IN THE dead of night, a few brave men fly into the stormy, beautiful, lush continent that is Africa, to fulfil a mission they have been ordered to do. They ask no questions and they have no fear in their hearts! All they do know is that they are on rescue mission-and that orders are orders.
Columbia Pictures, ``Tears Of The Sun," deals with a noble cause indeed of course from the point of view of the Americans who must police all atrocities anywhere in the world. In this instance it happens to be Nigeria where rebel troops have taken over, assassinating the ruling monarchy.
They happen to be rebels on the rampage and the next destination is a Catholic mission, where unknown to us till half the film, the only survivor of the royal family, is hiding among the many sick and ailing. And a doctor, priest and two nuns are tending all of them. The captain, (Tom Skerritt) of USS Harry S Truman, stationed off the coast of Africa has been ordered to send in his top team into this hostile territory to evacuate them. It is to save these missionaries that Lt. Waters, (Bruce Willis, sporting the bald look) known to complete difficult assignments, leads his team of navy personnel, right into the civil war.
But Waters comes across someone he didn't bargain for a fiery Dr. Lena Kendrick, (Monica Belucci) American citizen by marriage, who refuses to leave unless they rescue all those there at the mission.
Waters agrees to her conditions says he will `chopper' all of them to safety, but when they do reach the choppers it is only Lena who he wants to take charge of.
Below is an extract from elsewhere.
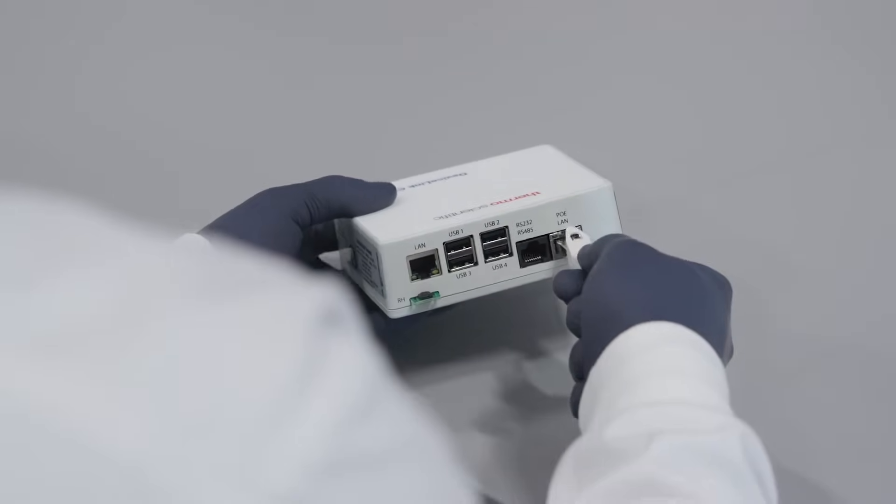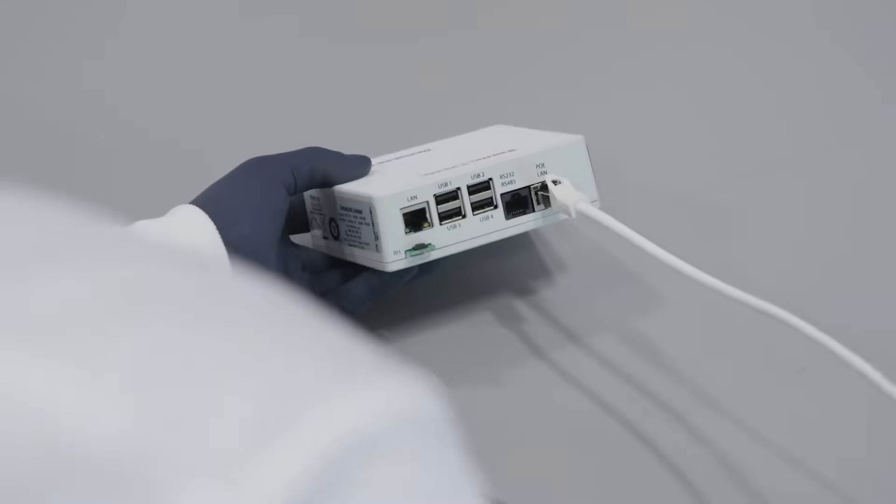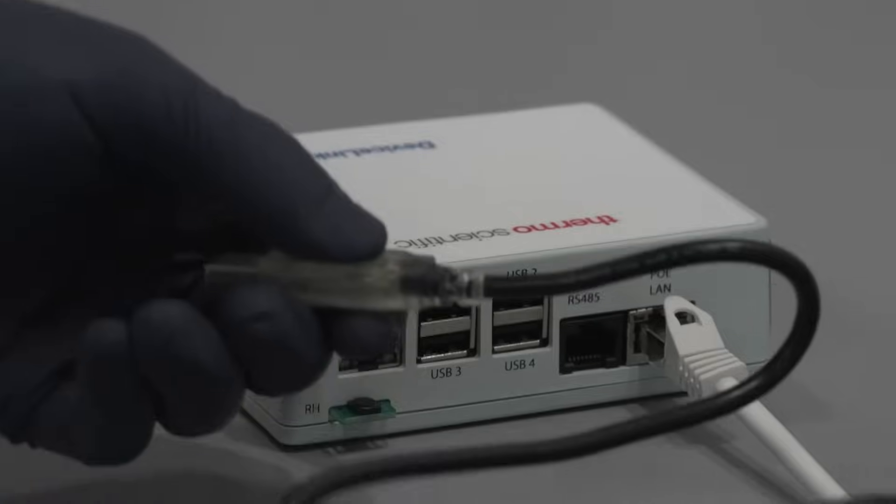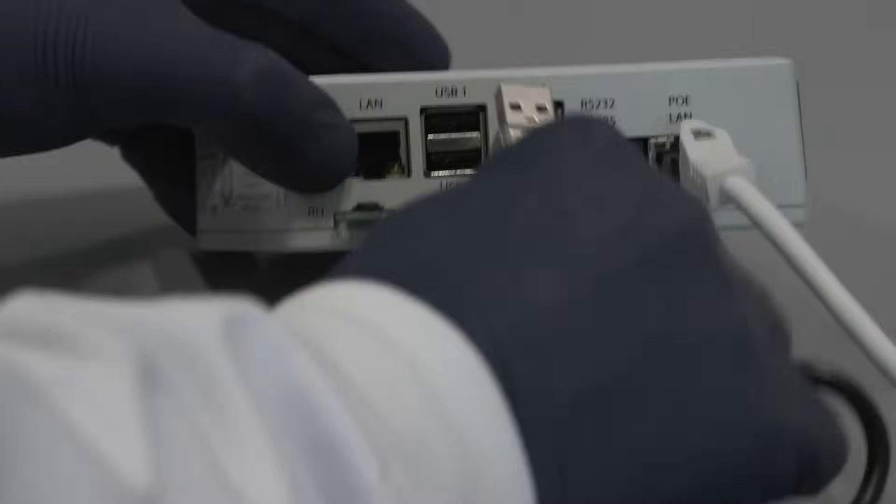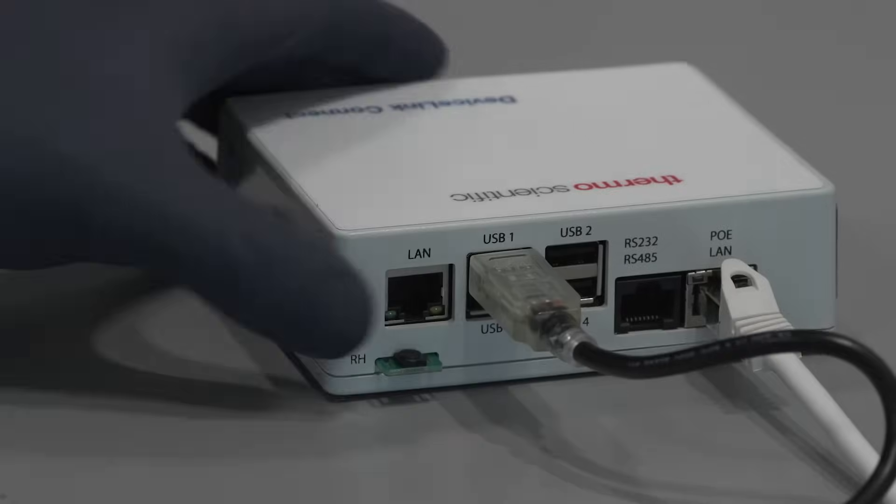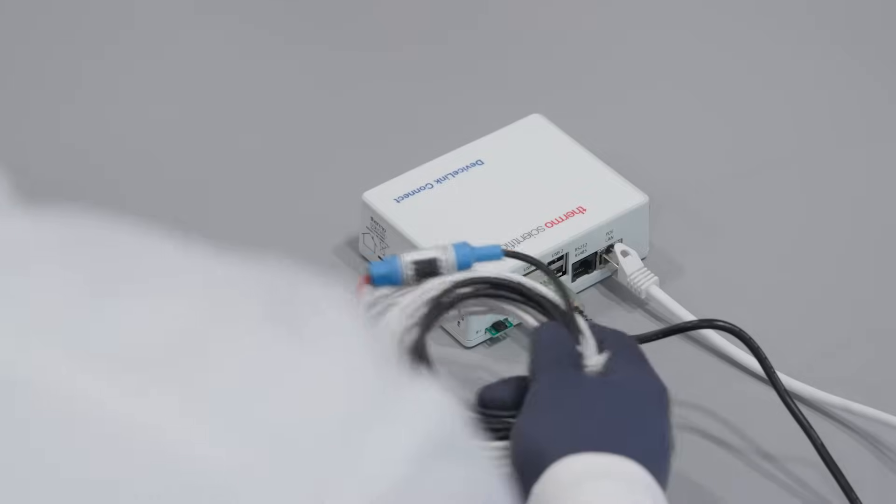PoE is a great alternative to main facility power because facilities networks often operate on a different power system than the main electrical lines. If there is a power outage, PoE may continue to provide power to the monitoring system.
Not for romantic reasons please! He is just pretending, so his job will be easier and orders would be fulfilled. So he tricks her and Lena is both devastated and angry. They see the remains of a rampage villages burnt and several people savagely killed.
Waters orders the choppers to go back and get the rest of the refugees. From then on the movie is all about getting and dragging the lot into the safe borders of Cameroon.
They are challenged at every step by the blood thirsty rebel troops, but with each atrocity the Americans witness, the more determined they are to save the refugees and restore Nigeria to its rightful governance!
The film is predictable and also has its flaws - there are logistic errors and the passage of time seems very unclear.
Considering most of the film has been shot virtually in the dark, there is not much one can make out most of the time.
But what you can eventually see is beautifully captured by the camera. Add to that Lena's perfectly painted mouth (the lipstick remains firmly on, despite trekking through really hostile territory for days!)
Mercifully, there is very little dialogue. But the marvellous visual imagery makes up for the lack of talking and the beautiful background score by Hans Zimmer incorporates an African flavour, giving the proceedings a poignant touch. But there are effective, dramatic moments as well as when the people in the helicopter look down at the aftermath of a massacre, or when the soldiers enter a town being cleansed by the rebels, or the last hopeless battle, which is very well choreographed.
Bruce Willis is stony faced, very macho, man of few words, and has a `work is worship' attitude, who you would admire, but not warm up to. Monica looks good even when grimy, but is just about adequate. The others just fill their roles. The director (Antoine Fuqua of ``Training Day") has no time to dwell on Waters' motivation to begin disobeying orders for human reasons. Neither is there any justification offered about military intervention into another country, regardless of the issues on hand. The film in fact, extols intervention and perhaps the last few scenes of the tearful gratitude of the refugees telling the Americans `God will never forget what you have done," seem to underline this.